To reduce the size of the hole to one appropriate for a roof A/C unit, I had a local welding shop build framework and weld it to the existing roof braces. The new braces should be the same thickness as the existing ones so the top and bottom plates will be flush like the original vent. My new framework (in the picture below) is painted black. Blue sheet insulation is on either side of it. Don't forget to drill a hole for your electrical cord in one of the sides. Use a grommet in the hole to prevent chafing.



Once you get the new frame work in place, you still have two big holes that need to be reduced down to the 14 X 14 hole of the new framework. I used sheet aluminum for mine, since my roof is also aluminum.



You can see this panel is the one for the top of the roof, with holes already drilled in it by using the old hatch cover as a template. I'm about to spray it with self etching primer and have it painted at a nearby body shop. In the end, this turned out to be a mistake. It cost me twice as much to get it sprayed with 2 part paint as it did to get the interior one powder coated.

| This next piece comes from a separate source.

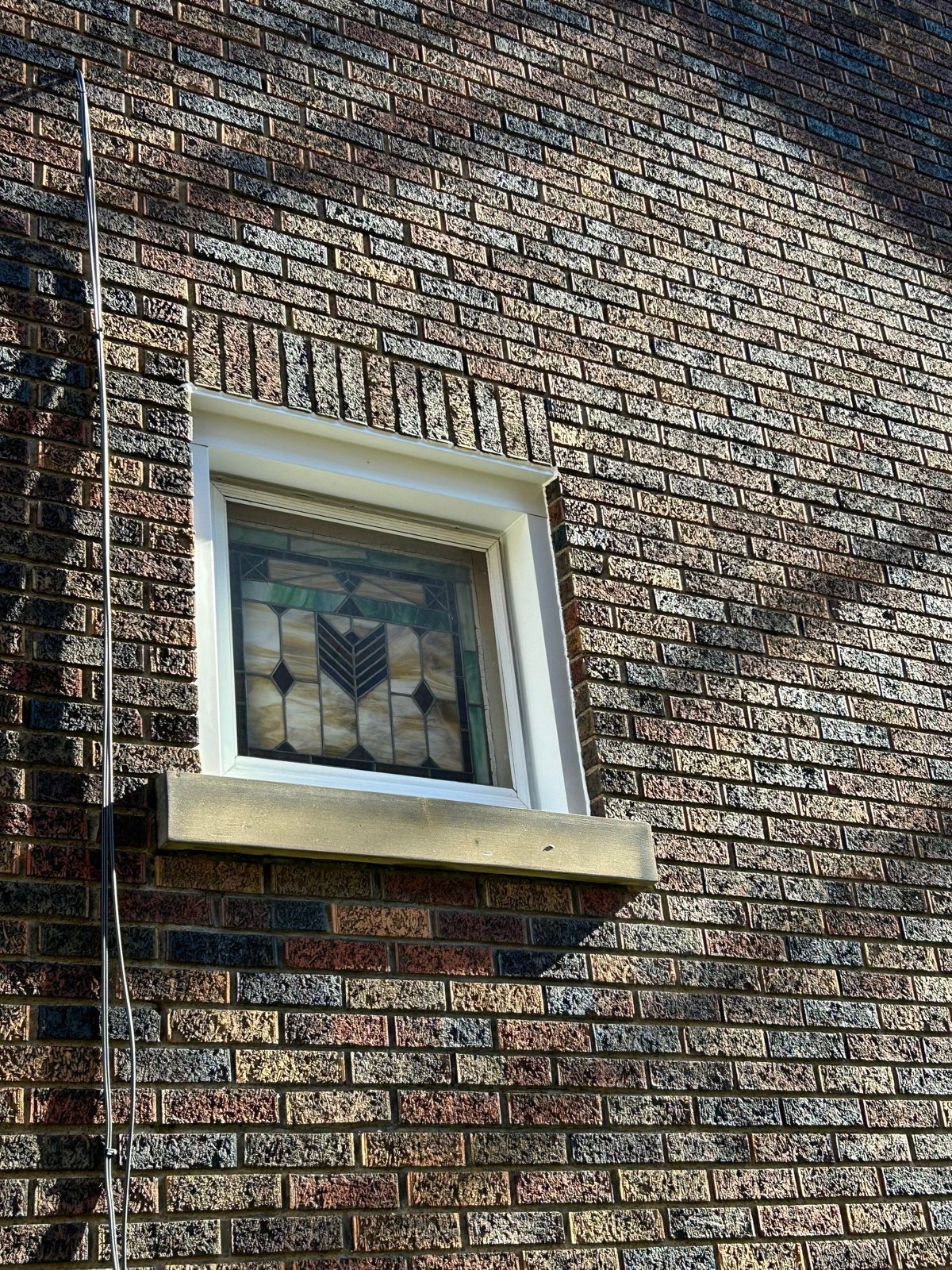 Stained glass window with a stone sill set in a brick wall in Pittsburgh, Alan Construction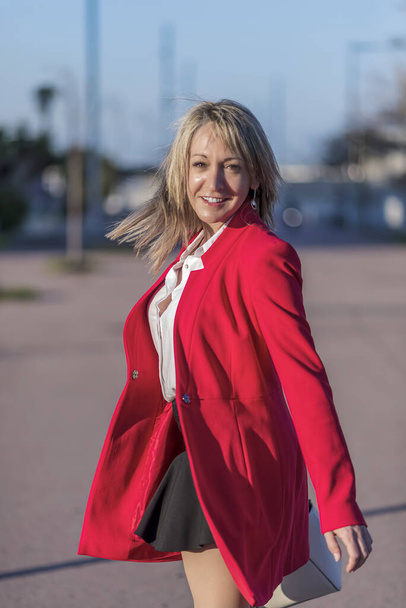 Una donna bionda in giacca rossa in piedi e in posa per strada - Foto, immagini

Here's the finished product. It turned out good so I was pleased with all the work. One of the things I was really happy about was that I didn't have to take down any ceiling. I really like the ceiling in my transit. It's flat, a laminate, and has a good appearance.



There was one issue I should mention though. Since I wasn't taking down my ceiling, this presented a problem with getting an electrical supply to the unit. The usual way of doing this is to drill through the roof bows and run it through the roof that way. This wasn't really an option for me, as there was more than one bow that I'd have to drill through and I couldn't get to the second one without taking down the ceiling. Since my coach A/C ductwork is down the side of my bus, I'd have to take it down too in order to get to the 2nd roof bow. After thinking about it for a while I came up with plan B. I ran the electrical on the outside of the roof in plastic "conduit" sold at Lowes and HD for "do-it-yourself" electical cords along a wall. Normally this sticks on the surface, but I used flat head screws to attach it permanently. I altered one of the 90 degree connectors by cutting off the elbow and it covers a hole in the new interior panel where the electrical romex goes back in. After painting to match the background, it came out pretty good.